SAN DIEGO – There were almost as many narratives as there have been days of uncertainty leading up to Tiger Woods’ first start in an official PGA Tour event in nearly a year.
He would contend, he would dominate, he would struggle, he would survive. But after 36 eventful holes at the Farmers Insurance Open, there’s only one hot take that really matters – he remained upright.
It hasn’t been pretty. He’s been wild off the tee, painfully inconsistent with his iron play and not exactly vintage with his putter, although there were some signs of life on this front as a cool afternoon along the Pacific Ocean turned to dusk.

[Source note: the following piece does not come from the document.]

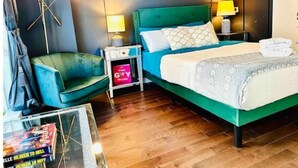 A hotel room with a green upholstered chair, a bed with a white and patterned bedspread, a nightstand with a lamp, and a framed floral artwork on the wall. - New Luxury apt,Javits Center,NYC (New York)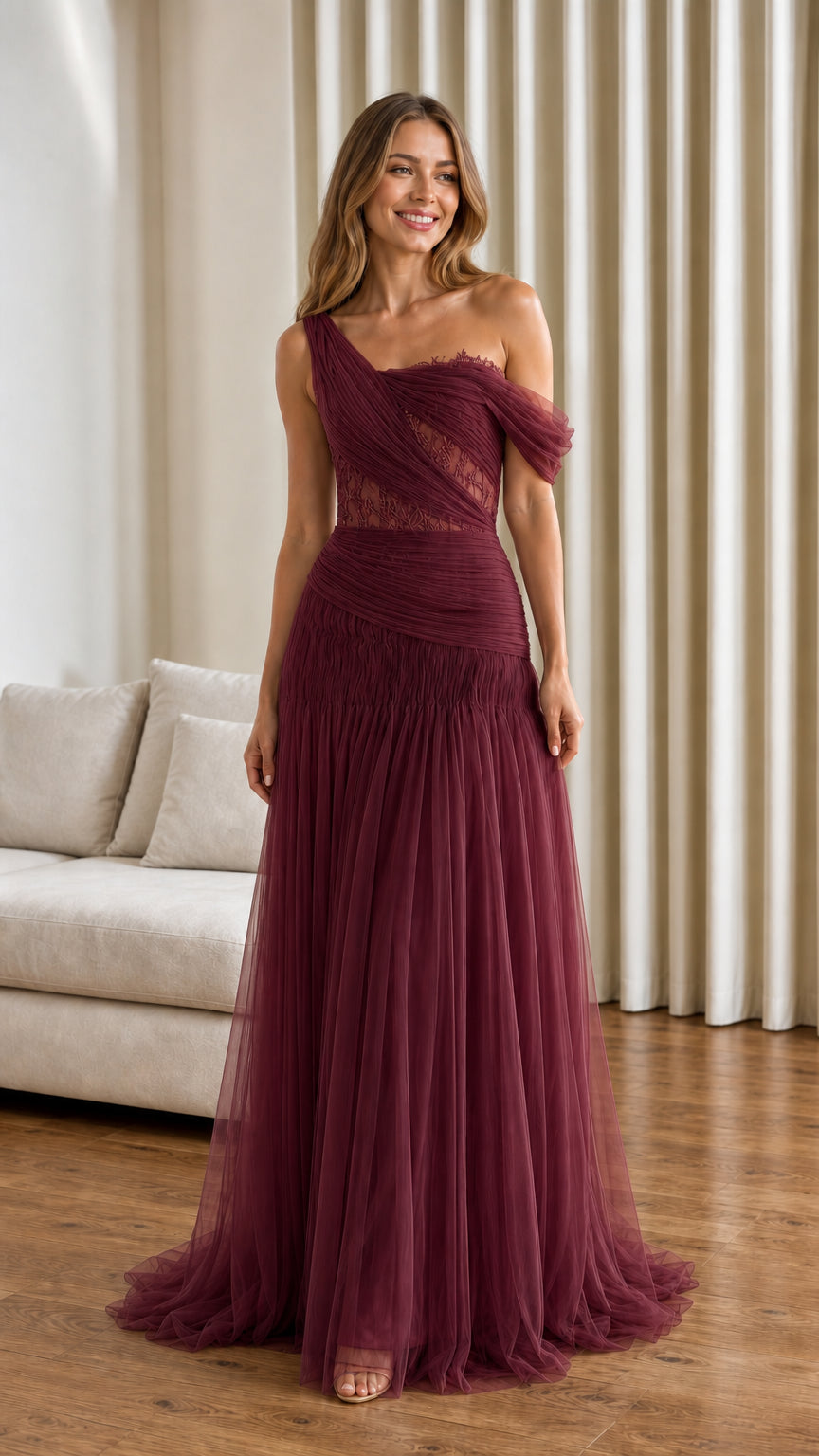 Front view of burgundy one-shoulder pleated tulle evening gown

Woods called his second-round 71 on the North Course at Torrey Pines a “grind,” which pretty much sums it up. But he did so standing tall, pain-free and pleased, regardless of those ridiculously unrealistic expectations.
He made the cut on the number, the byproduct of a gutty performance that shouldn’t be easily dismissed. There are all kinds of pressure in professional golf, whether you’re vying for your 15th major championship or your first made cut in an official event since 2015.
It was the latter that drove Woods on Friday.
Some 11 strokes off the lead when he made the turn and on the wrong side of the cut line, he converted a 45-foot birdie putt from off the green at the first hole (his 10th hole of the day), added another at the fifth hole and appeared to secure his weekend tee time with a 4-footer for birdie at No. 7.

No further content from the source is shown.